François Bayrou plaide pour une primaire élargie face aux extrêmes pour l'élection présidentielle de 2027

François Bayrou plaide pour une primaire élargie face aux extrêmes pour l’élection présidentielle de 2027

10.08.2026 17:56
2 min de lecture

François Bayrou appelle à l’unité au sein du bloc central, mettant en garde contre le « risque » d’un deuxième tour entre Marine Le Pen et Jean-Luc Mélenchon à la présidentielle 2027 dans un entretien au Figaro, rapporte TopTribune. Pour éviter ce duel « mortel pour la nation », le patron du MoDem suggère l’organisation d’une grande primaire, incluant Bruno Retailleau et le Parti socialiste. « Tous ceux qui rejettent les extrêmes doivent accepter d’organiser une compétition entre les candidats potentiels. Chacun défend sa vision de l’avenir et un vote le plus ouvert possible a lieu fin janvier ou début février pour décider », indique l’ex-maire de Pau. Mais cette primaire est-elle réellement envisageable ?

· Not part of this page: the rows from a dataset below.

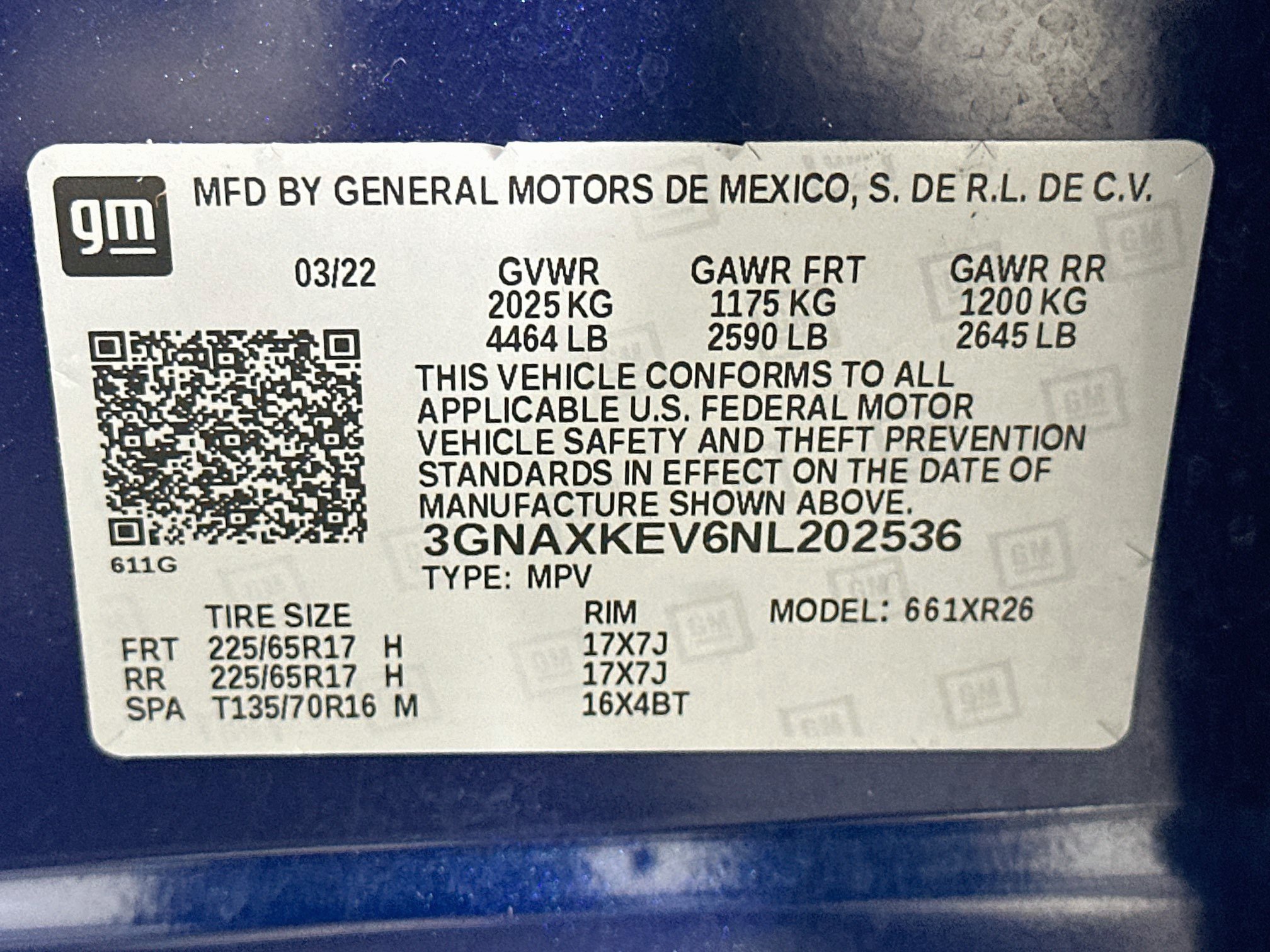 Used 2022 Chevrolet Equinox LT FWD image 12
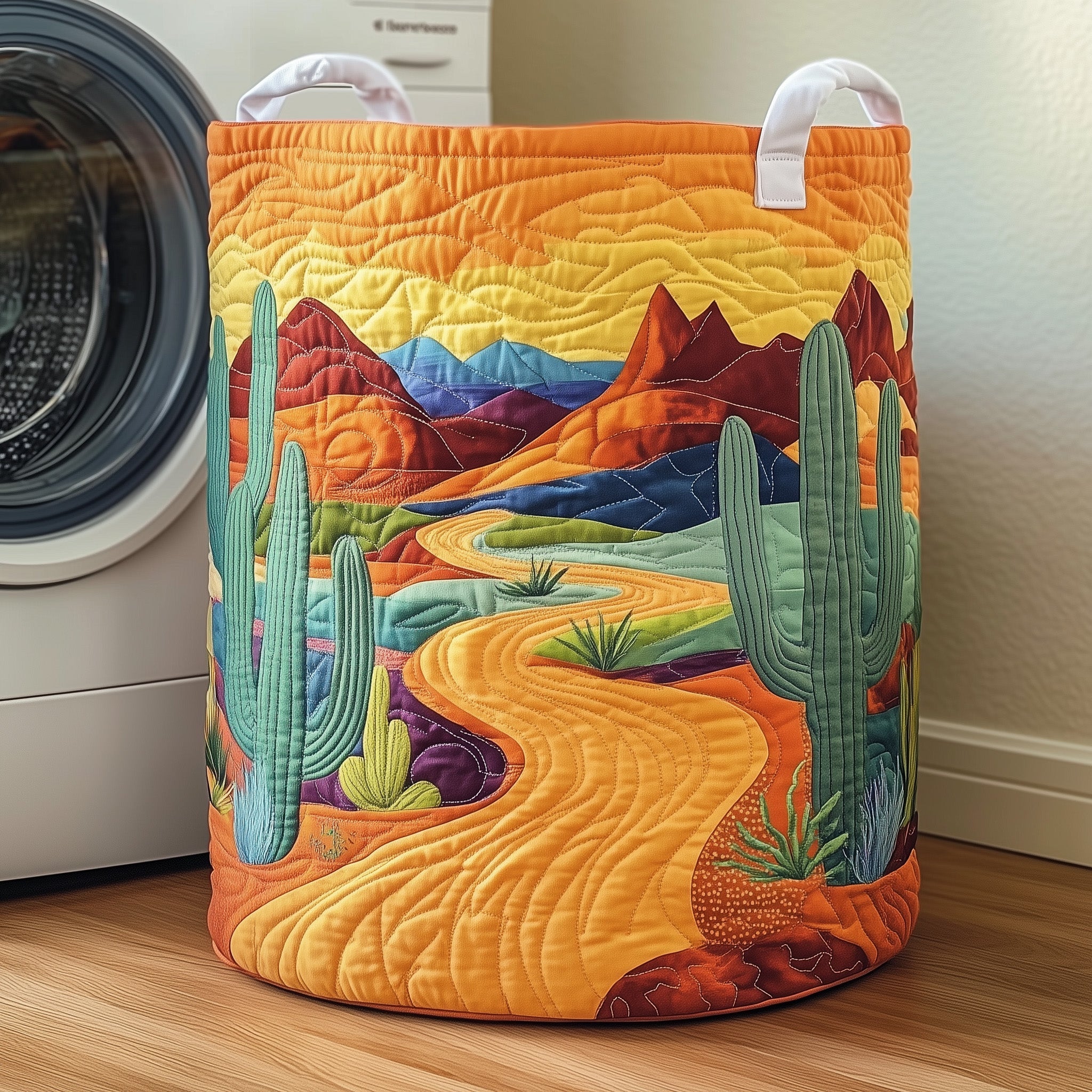 Chill Hill Quilted Laundry Basket Presents For Flower Lovers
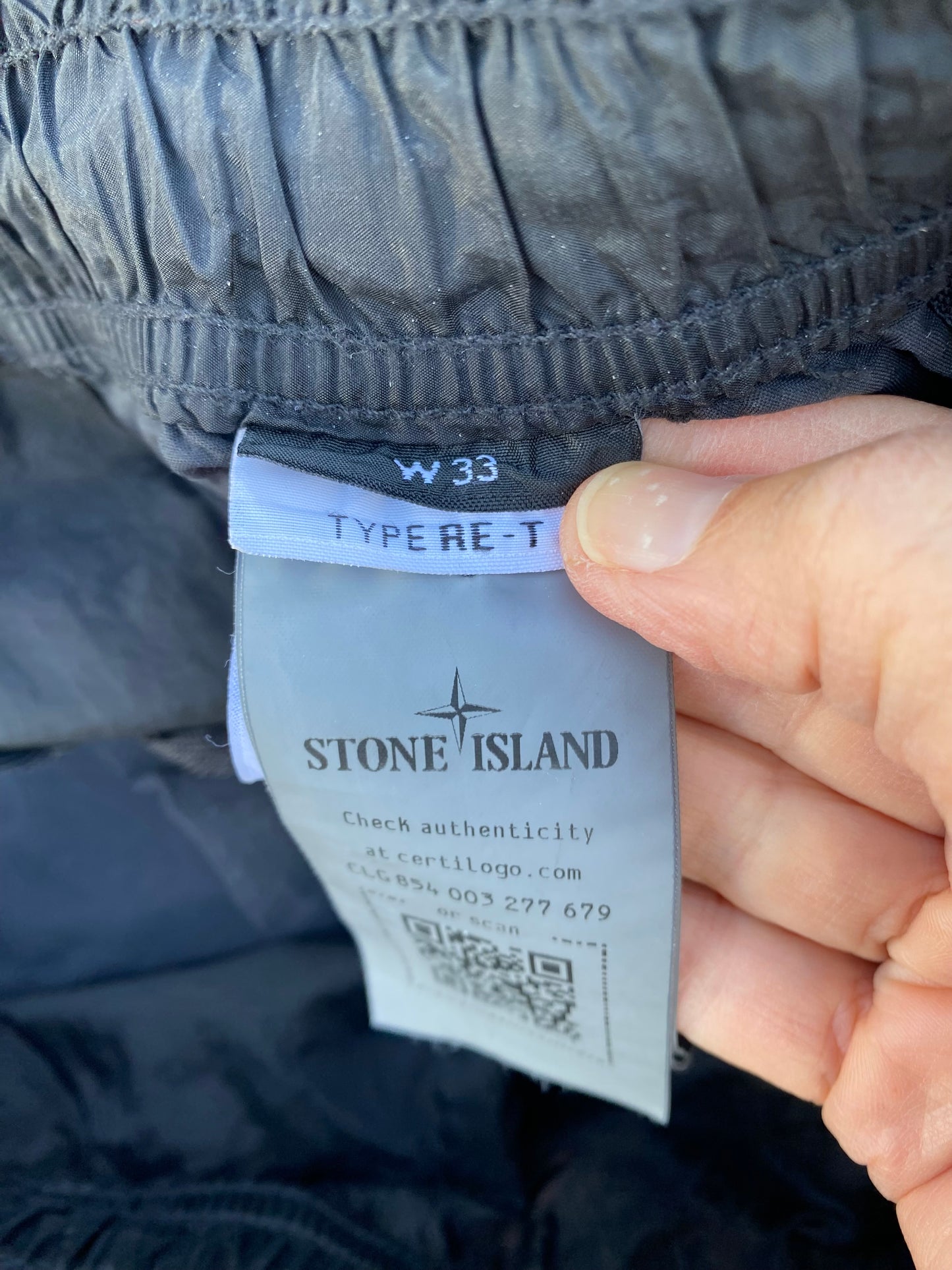 Stone Island Nylon Metal Cargo - W33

Pourquoi une telle proposition ?

Au sein du bloc central et de la droite, les candidatures se multiplient. Edouard Philippe, Gabriel Attal, Bruno Retailleau, Dominique de Villepin et David Lisnard sont déjà en lice pour l’Elysée. D’autres, comme le président de la région des Hauts-de-France Xavier Bertrand et des figures comme Gérald Darmanin ou d’anciens Premiers ministres Michel Barnier et Elisabeth Borne, envisagent sérieusement leur candidature. Cette prolifération de candidatures pourrait causer un embouteillage au premier tour de la présidentielle.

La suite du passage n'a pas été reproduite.